For information on creating runs, see Create a training run using the Mosaic AI Model Training API and Create a training run using the Mosaic AI Model Training UI.

Use Mosaic AI Model Training APIs to view and manage training runs

The Mosaic AI Model Training APIs provide the following functions for managing your training runs.

Get a run

Use the get() function to return a run by name or run object you have launched.

from databricks.model_training import foundation_model as fm

fm.get('<your-run-name>')

List runs

Use the list() function to see the runs you have launched. The following table lists the optional filters you can specify.

Optional filter Definition
finetuning_runs A list of runs to get. Defaults to selecting all runs.
user_emails If shared runs is enabled for your workspace, you can filter results by the user who submitted the training run. Defaults to no user filter.
before A datetime or datetime string to filter runs before. Defaults to all runs.
after A datetime or datetime string to filter runs after.
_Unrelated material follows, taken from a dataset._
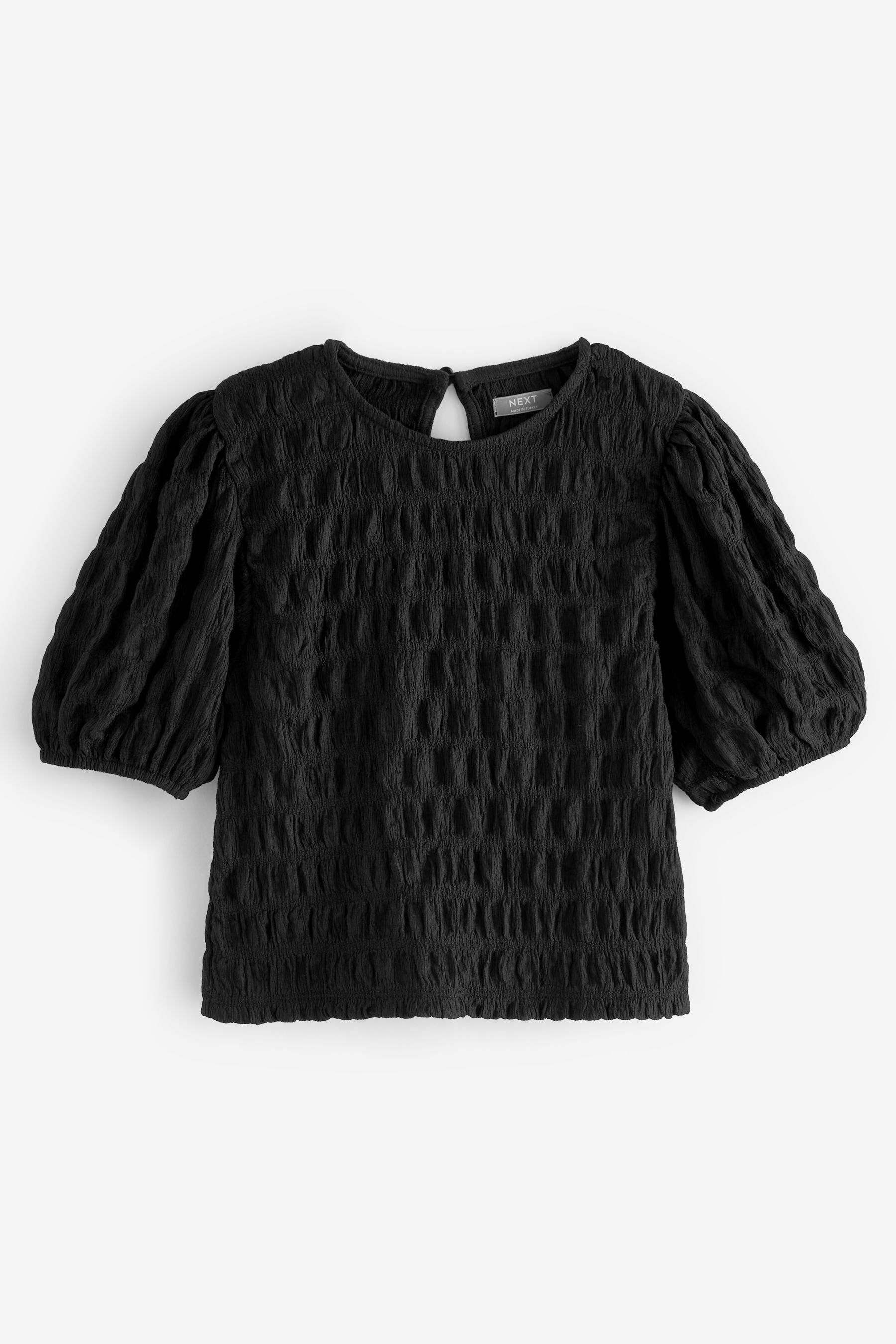 Black Puff Sleeve Textured T-Shirt (3-16yrs)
Defaults to all runs.
from databricks.model_training import foundation_model as fm

fm.list()

# filtering example
fm.list(before='01012023', limit=50)

Cancel training runs

To cancel a run, use the cancel() function and pass the run or a list of the training runs.

from databricks.model_training import foundation_model as fm

run_to_cancel = '<name-of-run-to-cancel>'
fm.cancel(run_to_cancel)

Delete training runs

Use delete() to delete training runs by passing a single run or a list of runs.
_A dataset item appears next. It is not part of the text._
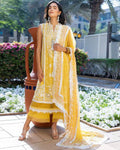 Yellow Color Unstitched Cotton Self Embroidery Lawn Pakistani Salwar Kameez Suits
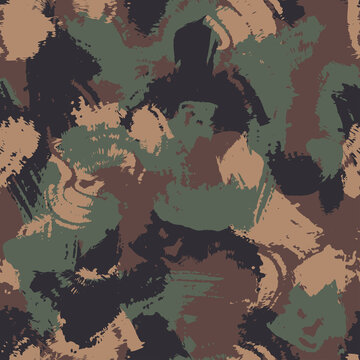 Abstract grunge camouflage, seamless  brush stroke texture, military camouflage pattern, Army or hunting green camo clothes. Camo wallpaper for textile and fabric. Fashion camo style. Vector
from databricks.model_training import foundation_model as fm

fm.delete('<name-of-run-to-delete>')

Review status of training runs

The following table lists the events created by a training run. Use the get_events() function anytime during your run to see your run’s progress.
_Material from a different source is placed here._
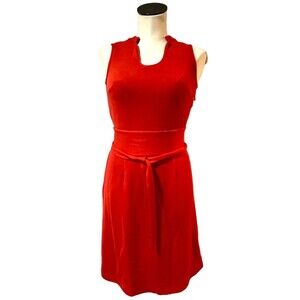 Ellie Kai Women Red Sleeveless Knit Dress size 0 Scoop Neck Removable Long Belt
Event type Example event message Definition
CREATED Run created. Training run was created. If resources are availabe, the run starts. Otherwise, it enters the Pending state.
STARTED Run started. Resources have been allocated, and the run has started.
DATA_VALIDATED Training data validated. Validated that training data is correctly formatted.
MODEL_INITIALIZED Model data downloaded and initialized for base model meta-llama/Llama-2-7b-chat-hf. Weights for the base model have been downloaded, and training is ready to begin.
TRAIN_UPDATED [epoch=1/1][batch=50/56][ETA=5min] Train loss: 1.71 Reports the current training batch, epoch, or token, estimated time for training to finish (not including checkpoint upload time) and train loss. This event is updated when each batch ends. If the run configuration specifies max_duration in tok units, progress is reported in tokens.
TRAIN_FINISHED Training completed. Training has finished. Checkpoint uploading begins.
COMPLETED Run completed. Final weights uploaded. Checkpoint has been uploaded, and the run has been completed.
CANCELED Run canceled. The run is canceled if fm.cancel() is called on it.
FAILED One or more train dataset samples has unknown keys. Please check the documentation for supported data formats. The run failed. Check event_message for actionable details, or contact support.
from databricks.model_training import foundation_model as fm

fm.get_events()

Use the UI to view and manage runs

To view runs in the UI:

  1. Click Experiments in the left nav bar to display the Experiments page.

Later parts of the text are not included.